At the 11th Annual Emmy Awards in 1959, Nichols, with his comedy partner Elaine May, performed a bit wherein he accepted an award for “Total Mediocrity.”

“The measure of my success,” an in-character Nichols said to the room full of TV producers and stars, “is that, in ten years of producing, we have not received one letter of any kind.” Given Nichols’ status as one of the greats of the performing arts, and one of the few to have achieved the EGOT, this sly satiric bit is even funnier 55 years later.

Nichols directed the Broadway hit Spamalot in 2005. In this episode of Charlie Rose, he talks about bringing the musical adaptation of cult classic Monty Python and the Holy Grail to the stage. At 12:30, Nichols tells Rose talks about casting Sara Ramirez in her Tony-winning role that led to her breakout success on Grey’s Anatomy.

In 2011, Nichols joined a panel discussion celebrating the 50th anniversary of Joseph Heller’s classic WWII novel Catch-22. Here, moderator Lesley Stahl asked Nichols to recount how his 1970 film adaptation—declared a failure at the time but an underrated gem today—came about.

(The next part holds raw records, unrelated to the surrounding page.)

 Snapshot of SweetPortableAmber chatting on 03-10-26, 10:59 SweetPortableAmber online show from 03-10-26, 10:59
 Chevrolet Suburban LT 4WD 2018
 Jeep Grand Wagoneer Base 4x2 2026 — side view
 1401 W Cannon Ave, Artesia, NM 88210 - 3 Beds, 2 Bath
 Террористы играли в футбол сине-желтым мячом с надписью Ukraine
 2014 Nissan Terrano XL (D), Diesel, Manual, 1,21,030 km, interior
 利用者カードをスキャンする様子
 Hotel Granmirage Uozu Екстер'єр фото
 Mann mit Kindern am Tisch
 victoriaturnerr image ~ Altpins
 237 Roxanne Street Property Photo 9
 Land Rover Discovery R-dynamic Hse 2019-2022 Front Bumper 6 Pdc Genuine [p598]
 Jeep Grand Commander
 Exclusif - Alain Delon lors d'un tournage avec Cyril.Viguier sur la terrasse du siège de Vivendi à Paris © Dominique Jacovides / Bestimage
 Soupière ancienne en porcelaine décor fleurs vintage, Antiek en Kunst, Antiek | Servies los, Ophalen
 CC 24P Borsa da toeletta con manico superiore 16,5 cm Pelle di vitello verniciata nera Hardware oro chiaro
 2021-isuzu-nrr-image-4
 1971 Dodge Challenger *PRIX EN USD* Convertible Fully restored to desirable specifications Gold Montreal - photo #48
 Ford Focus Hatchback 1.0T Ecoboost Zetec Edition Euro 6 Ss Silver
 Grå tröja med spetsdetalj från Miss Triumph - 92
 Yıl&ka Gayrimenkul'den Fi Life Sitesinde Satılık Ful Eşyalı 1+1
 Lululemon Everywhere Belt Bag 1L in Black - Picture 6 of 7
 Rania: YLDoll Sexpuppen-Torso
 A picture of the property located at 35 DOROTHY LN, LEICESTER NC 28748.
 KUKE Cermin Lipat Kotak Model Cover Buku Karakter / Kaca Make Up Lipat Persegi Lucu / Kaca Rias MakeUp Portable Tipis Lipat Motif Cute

In 2012, WNYC-FM’s "The Greene Space" interviewed Nichols and the cast of his Broadway revival of Death of a Salesman, which starred another late legend, Philip Seymour Hoffman, as Willy Loman. In this clip, Nichols talks about great actors’ reticence to talk about their process, and gives insight into his own as a director for stage.

Accepting the Tony Award for directing Death of a Salesman, a farklempt Nichols waxed poetic about theatre, proclaiming that “everyone in this room knows what it’s like to be a salesman…. A salesman has got to dream. It goes with the territory.”